• _Task prompt_: Transcribe each record word for word. Skip the images.

• _Caption-style text data_:
= = = =

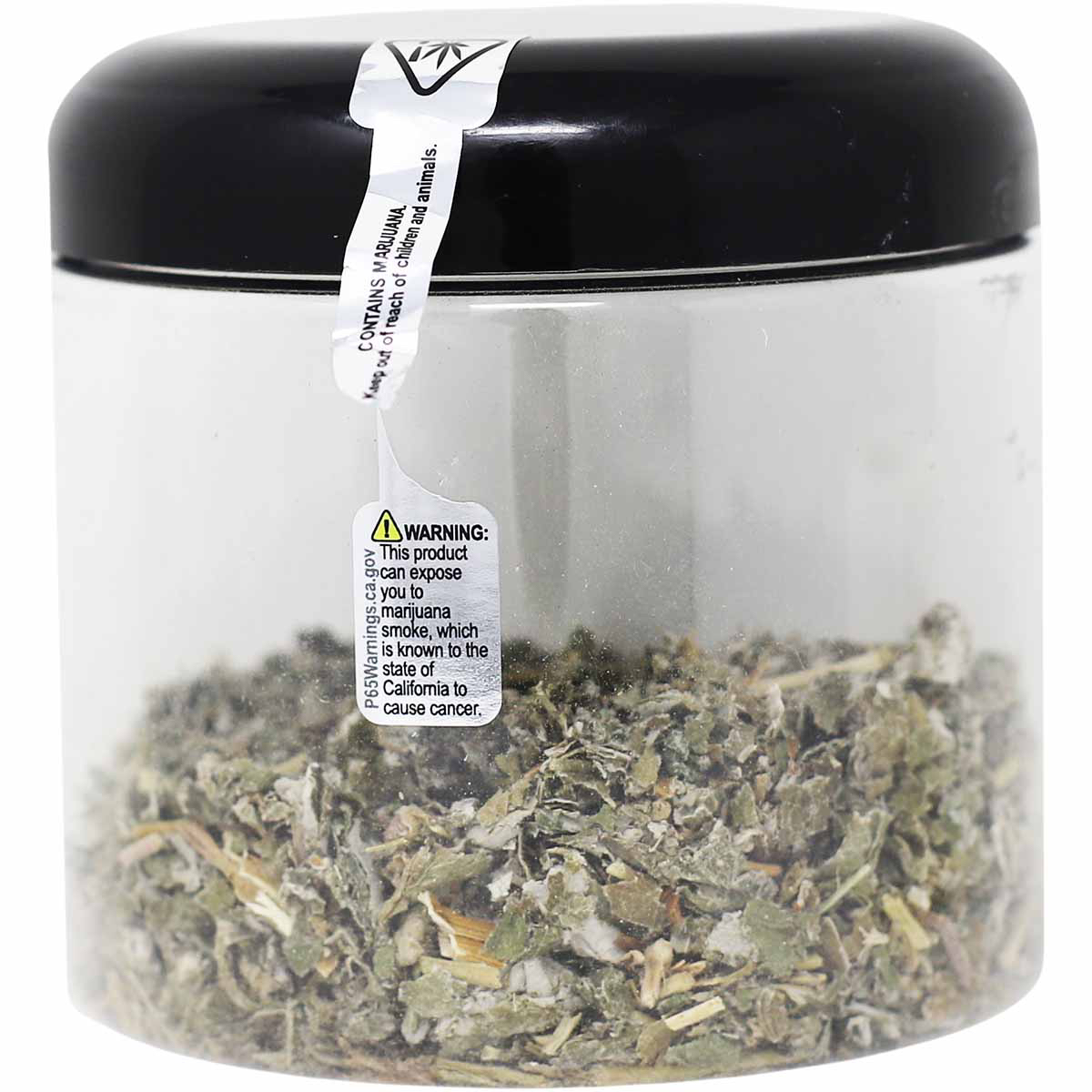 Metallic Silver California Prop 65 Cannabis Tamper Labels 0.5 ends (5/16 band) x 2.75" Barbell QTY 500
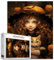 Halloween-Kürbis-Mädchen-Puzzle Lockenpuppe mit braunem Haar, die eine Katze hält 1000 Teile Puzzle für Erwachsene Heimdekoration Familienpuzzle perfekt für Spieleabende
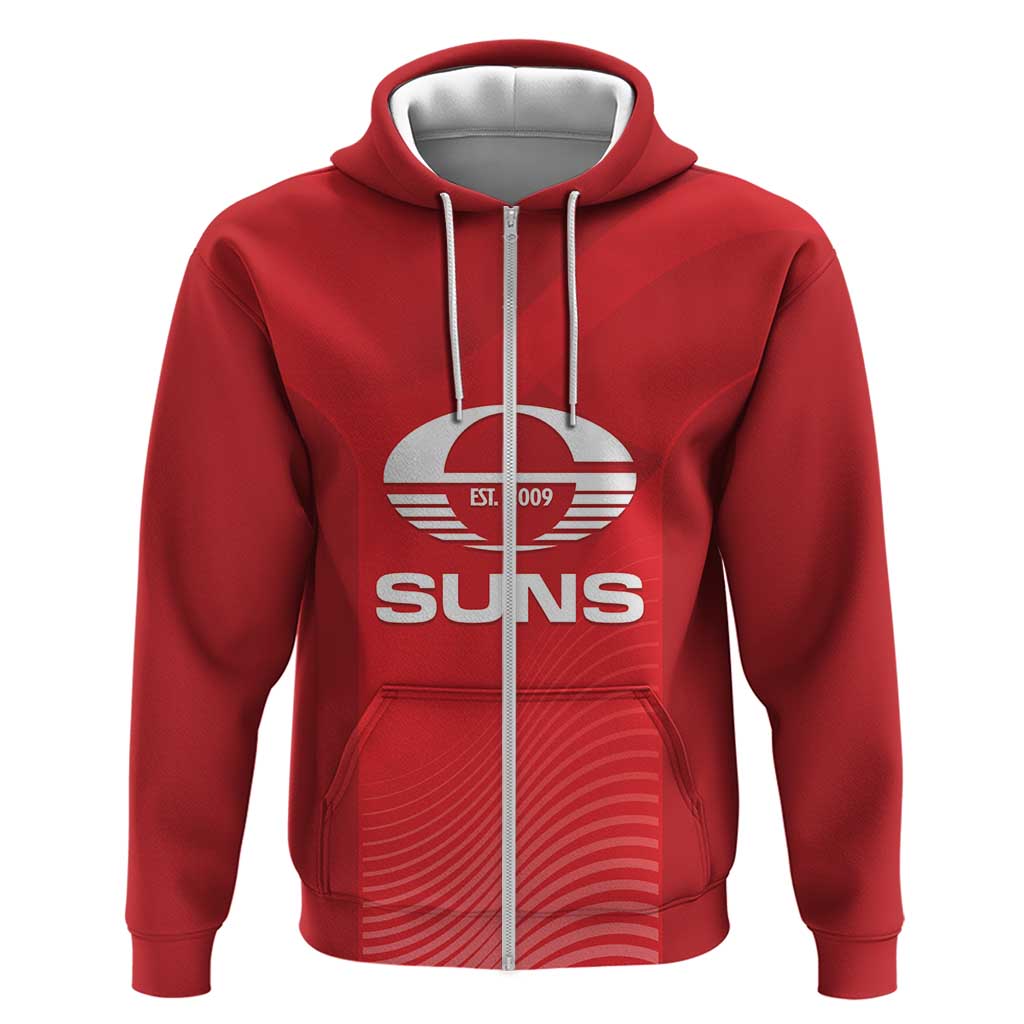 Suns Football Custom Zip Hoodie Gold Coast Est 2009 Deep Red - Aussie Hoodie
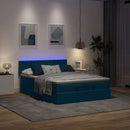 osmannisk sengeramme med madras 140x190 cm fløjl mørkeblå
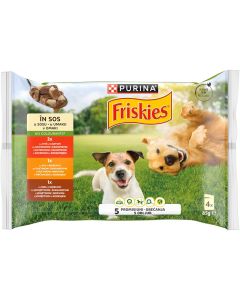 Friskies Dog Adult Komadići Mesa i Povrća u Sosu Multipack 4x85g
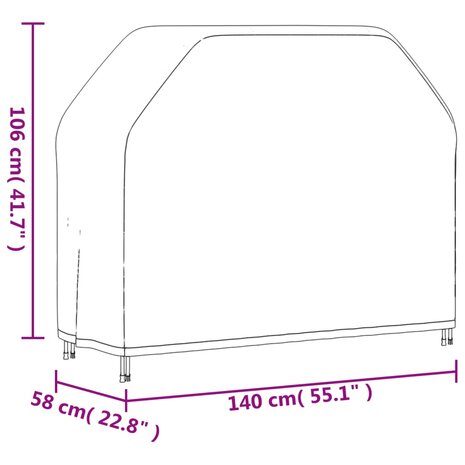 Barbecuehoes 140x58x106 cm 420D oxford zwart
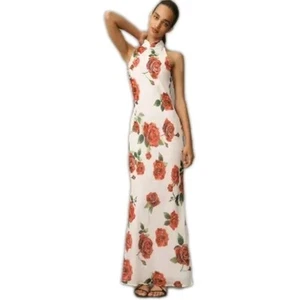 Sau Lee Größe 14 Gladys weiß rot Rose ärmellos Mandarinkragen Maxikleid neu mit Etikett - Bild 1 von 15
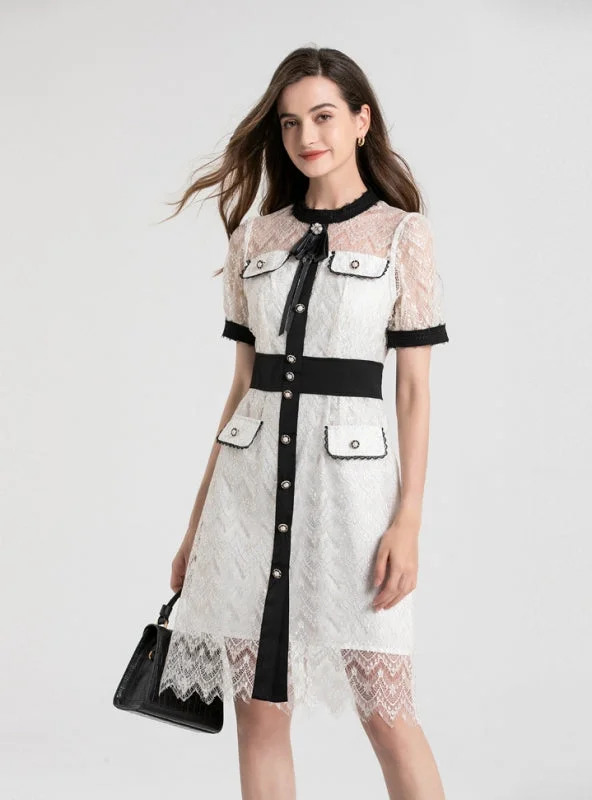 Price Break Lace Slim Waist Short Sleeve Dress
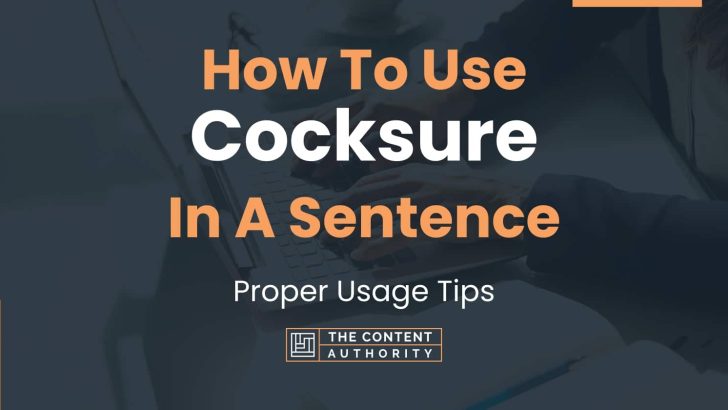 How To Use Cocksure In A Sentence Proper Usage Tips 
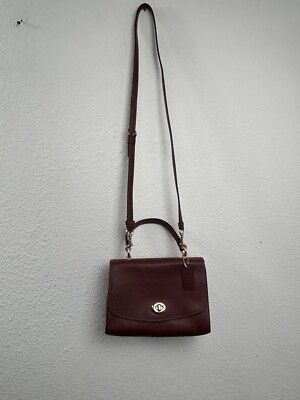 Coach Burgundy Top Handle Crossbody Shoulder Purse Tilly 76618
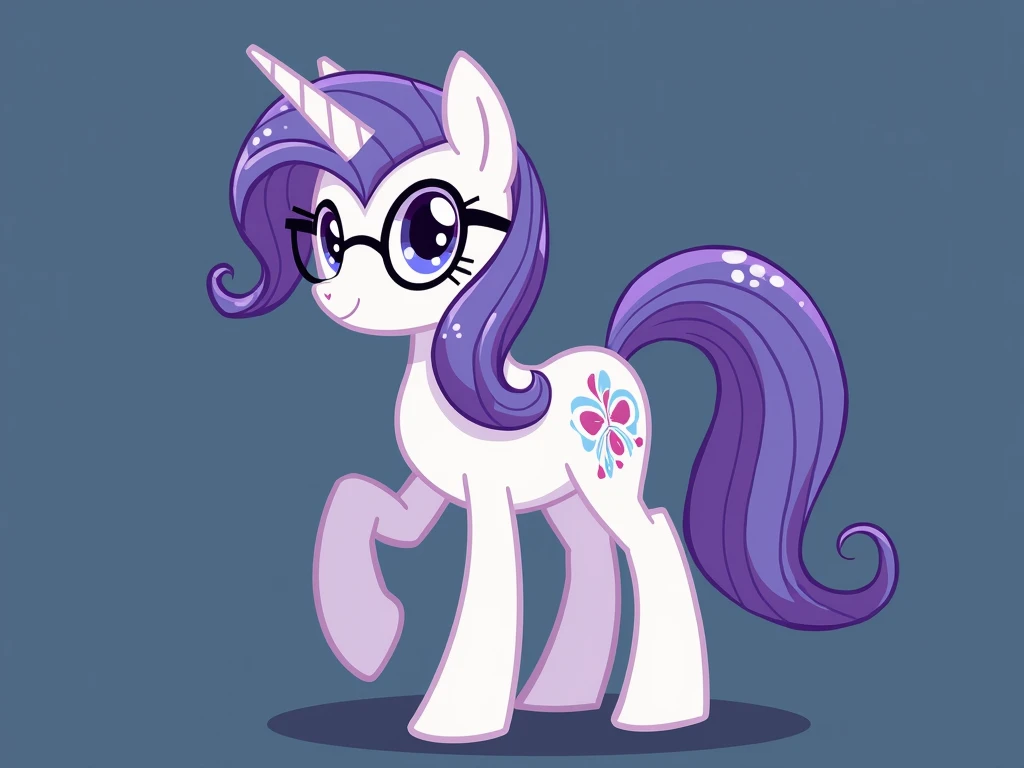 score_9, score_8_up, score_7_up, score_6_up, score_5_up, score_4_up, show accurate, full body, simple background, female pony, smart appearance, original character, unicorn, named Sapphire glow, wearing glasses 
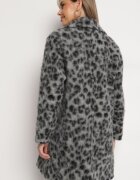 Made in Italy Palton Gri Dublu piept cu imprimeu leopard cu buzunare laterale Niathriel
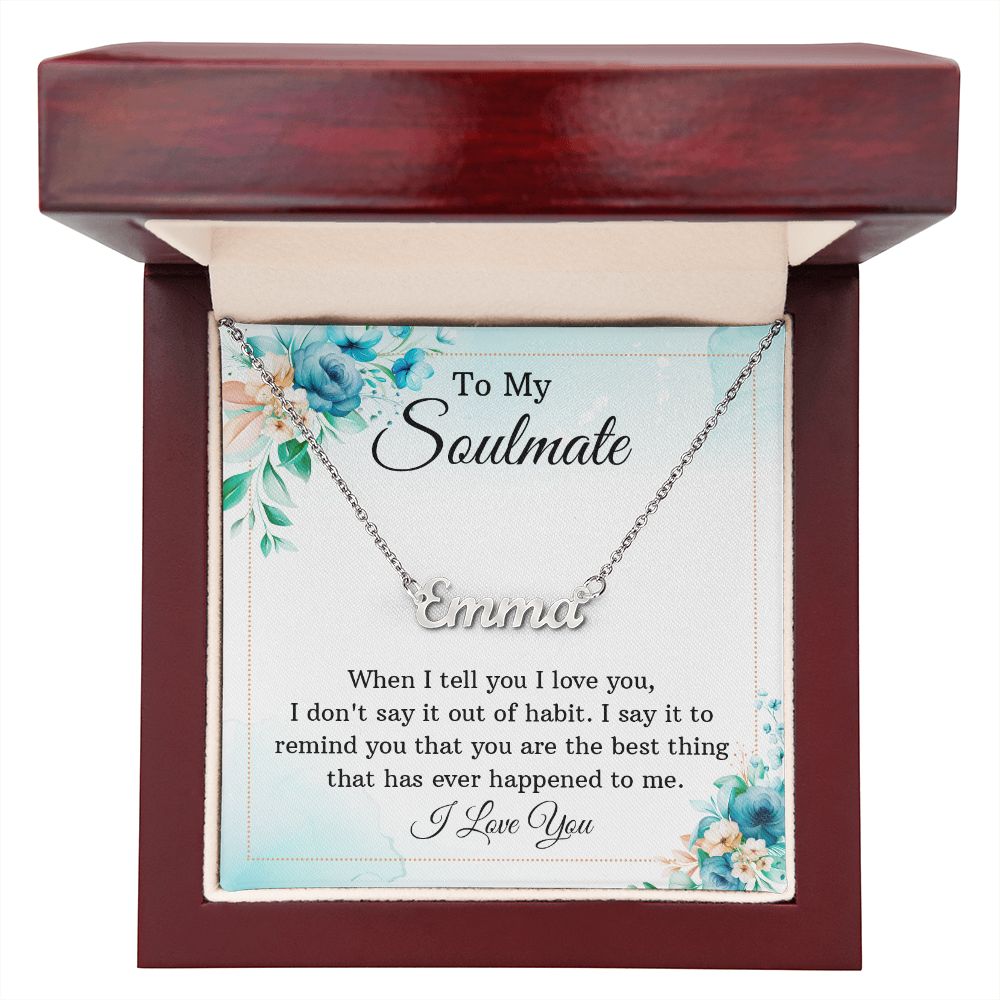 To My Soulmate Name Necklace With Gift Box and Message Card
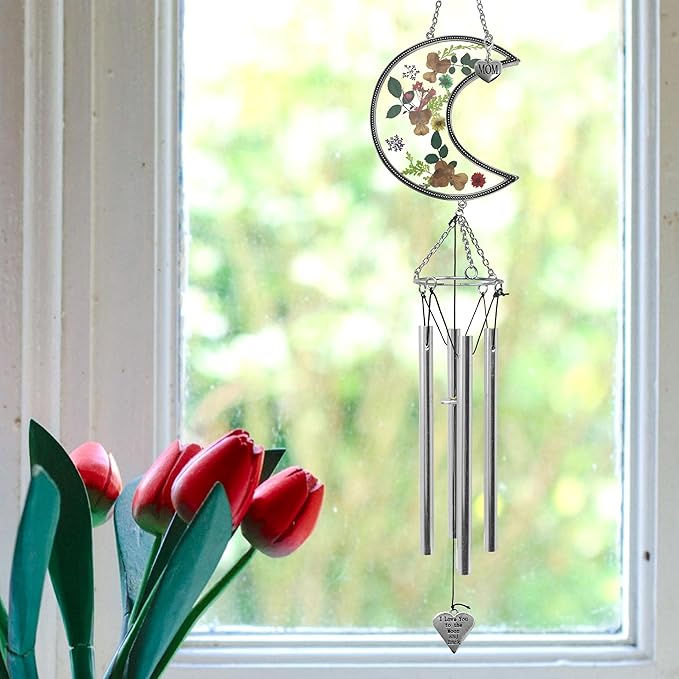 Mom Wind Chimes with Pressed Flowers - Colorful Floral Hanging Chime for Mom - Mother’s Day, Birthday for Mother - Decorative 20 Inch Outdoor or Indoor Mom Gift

= = = =

• _Output for this task_:
 Metallic Silver California Prop 65 Cannabis Tamper Labels 0.5 ends (5/16 band) x 2.75" Barbell QTY 500
 Halloween-Kürbis-Mädchen-Puzzle Lockenpuppe mit braunem Haar, die eine Katze hält 1000 Teile Puzzle für Erwachsene Heimdekoration Familienpuzzle perfekt für Spieleabende
 Suns Football Custom Zip Hoodie Gold Coast Est 2009 Deep Red - Aussie Hoodie
 osmannisk sengeramme med madras 140x190 cm fløjl mørkeblå
 Friskies Dog Adult Komadići Mesa i Povrća u Sosu Multipack 4x85g
 Barbecuehoes 140x58x106 cm 420D oxford zwart
 Sau Lee Größe 14 Gladys weiß rot Rose ärmellos Mandarinkragen Maxikleid neu mit Etikett - Bild 1 von 15
 Price Break Lace Slim Waist Short Sleeve Dress
 How To Use Cocksure In A Sentence Proper Usage Tips 
 Coach Burgundy Top Handle Crossbody Shoulder Purse Tilly 76618
 score_9, score_8_up, score_7_up, score_6_up, score_5_up, score_4_up, show accurate, full body, simple background, female pony, smart appearance, original character, unicorn, named Sapphire glow, wearing glasses 
 Made in Italy Palton Gri Dublu piept cu imprimeu leopard cu buzunare laterale Niathriel
 To My Soulmate Name Necklace With Gift Box and Message Card
 Mom Wind Chimes with Pressed Flowers - Colorful Floral Hanging Chime for Mom - Mother’s Day, Birthday for Mother - Decorative 20 Inch Outdoor or Indoor Mom Gift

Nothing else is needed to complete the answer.